This form of extension is also 'excessive'[having no limit in principle?].  The limit arises because some impressions are particularly vivid, and this is not derived from rules or principles, but from the fancy.  It is similar to the argument that there is a whole set of possibles which come into being [must do for rationalists, apparently].  Vividness helps us select between the relations, and not all relations communicate it.  However, relations also have to be 'firm, constant, and invariable' as well as vivid, and to operate according to causality, as we saw, if they are to be legitimate.

Impressions can also produce relations which are 'fabricated' and 'feigned', taking the form of 'mirages' or something entirely 'solicited by fancy'. 'Passions and dispositions of the moment' can reinforce these.  So the subject is under pressure from something else, 'a self, which is always a slave to its origin'.  Luckily, as we know, excessive rules can be corrected by other rules, so causes eventually must conform to experience, and general ideas must conform to notions of space and how it is defined for us.  Nevertheless, 'an entire polemic between the subject and the fancy is thus carried out inside the self...  inside the subject itself' (129) [so having promised some clarity by distinguishing the subject from the social self, Deleuze then says they are the same anyway!].  Another way of putting this is to see a polemic going on 'between the principles of human nature and the vividness of the imagination...  between principles and fictions'.  We have already shown how some fictions can be corrected by knowledge, although there is a fiction at the very heart of the notion of the world in general.

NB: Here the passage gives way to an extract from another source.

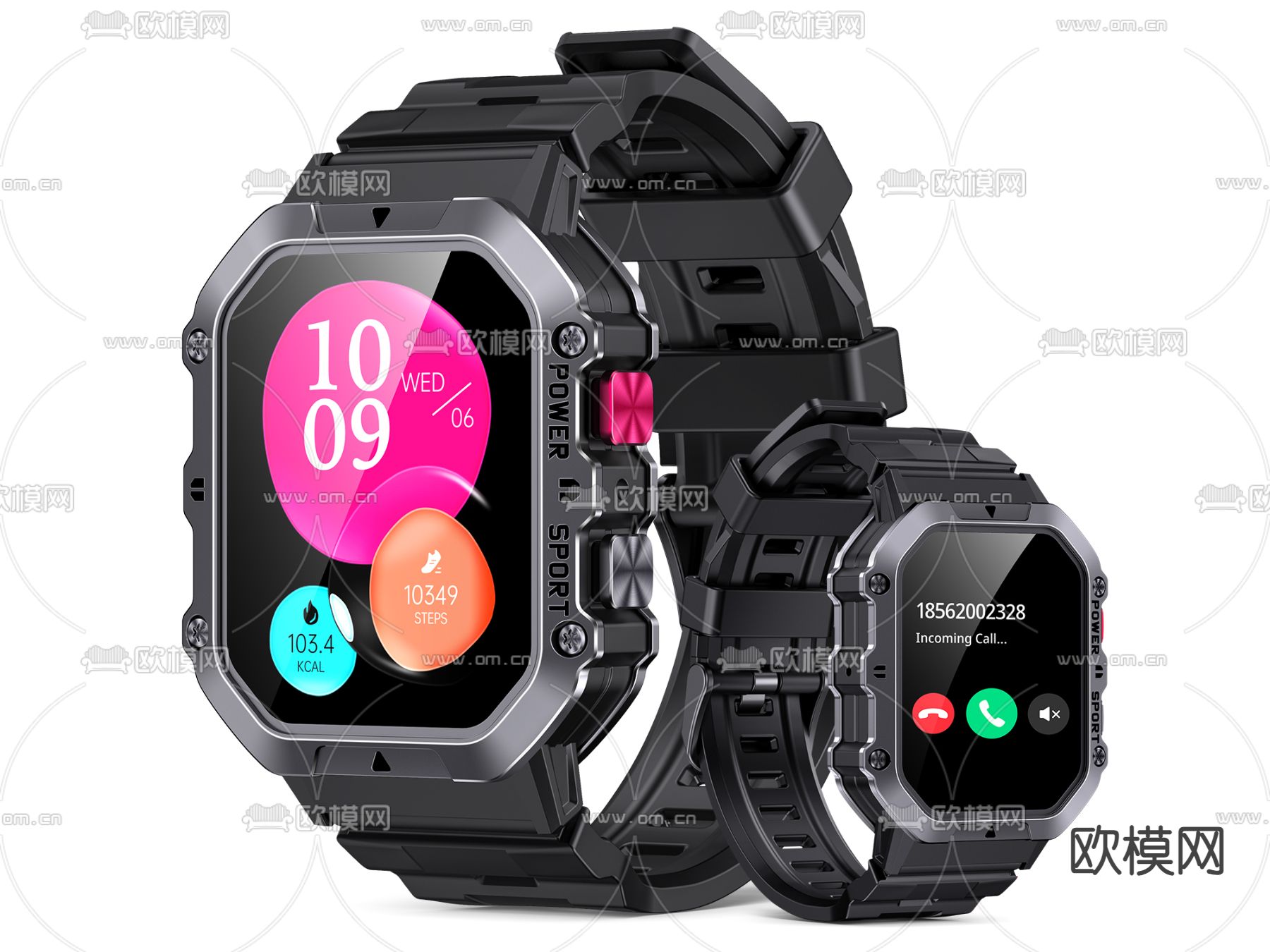 智能手表 手表su模型下载（渲染图2）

Turning to the passions, we fix the mind by giving it ends, and activate it by producing motives and dispositions to act, particular interests, once there is a means to achieve those ends.  They produce a '"natural constitution"'for the mind.  They appear as affects [attached to and directed to] '"a proper limited object"'.  However circumstances and other relations also affect action.  An additional difference between knowledge and the passions can be found here, since 'in the case of the passions, at least by right, all relations and all circumstances are already given'[very strange example from Hume about Nero killing his mother, where the motive of revenge overcame all the other relations and circumstances].  Again anticipated reactions become part of the constitution of the mind as well, implying that our preferences and inclinations produce general views about objects, not just particular attachments or immediate pleasures.  These mean that the passions as well as knowledge become 'an ineluctable datum [inevitable fact] of the fancy'(130).  What the imagination does is to turn particular attachments between affects and objects into general views about those objects.  This generalization arises from the ability of the principles of the passions to 'resonate, extend themselves, and succeed in being reflected'.  Thus reaction is productive, and what results in reflection is invention.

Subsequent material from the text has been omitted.